Материал из Антэкология /// Anthecology
Oviposition and Pollination Behavior of the Yucca Moth, Tegeticula maculata (Lepidoptera: Prodoxidae), and its Relation to the Reproductive Biology of Yucca whipplei (Agavaceae)
The adult behavior of the yucca moth, Tegeticula maculata Riley, is finely tuned to the reproductive biology of its specific host plant, Yucca whipplei Torr. The female moths oviposit in the ovaries of the yucca flowers and actively pollinate the same flowers with pollen which they have collected previously.
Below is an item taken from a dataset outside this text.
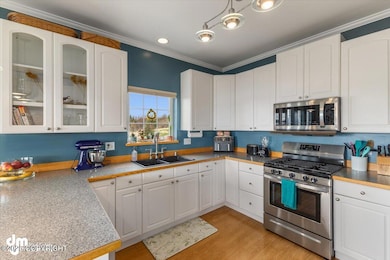 13-Kitchen_HFL_13A7778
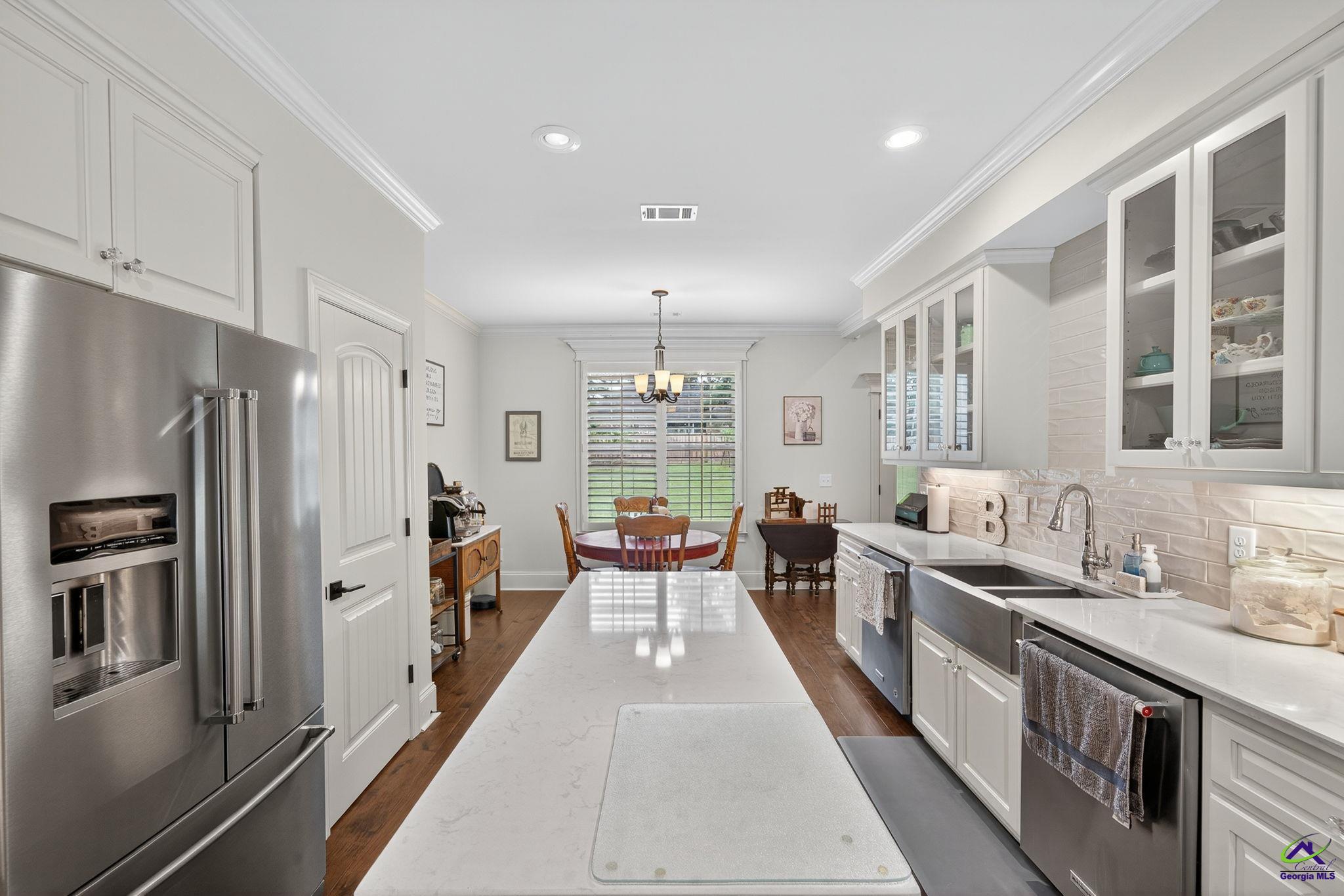 45 Worthington Circle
The selective pressures imposed on the moths by 1) the plant's need for pollen transfer via an insect pollinating agent, 2) its partial self-incompatibility, and 3) its ability to regulate seed set by aborting excess fruits, have molded the pollinator's behavior in such a way that its offspring have the greatest possible chance of surviving through the early larval stages. The evolutionary responses of the pollinator include the following: 1) the female moths consistently fly to a different plant after collecting pollen, thus insuring cross-fertilization of the flowers, 2) they always pollinate after depositing the first egg in a flower, but not necessarily after subsequent ovipositions, and 3) females emerging near the end of the flowering season frequently oviposit in developing seed pods, as opposed to open flowers which are more likely to be aborted by the plants.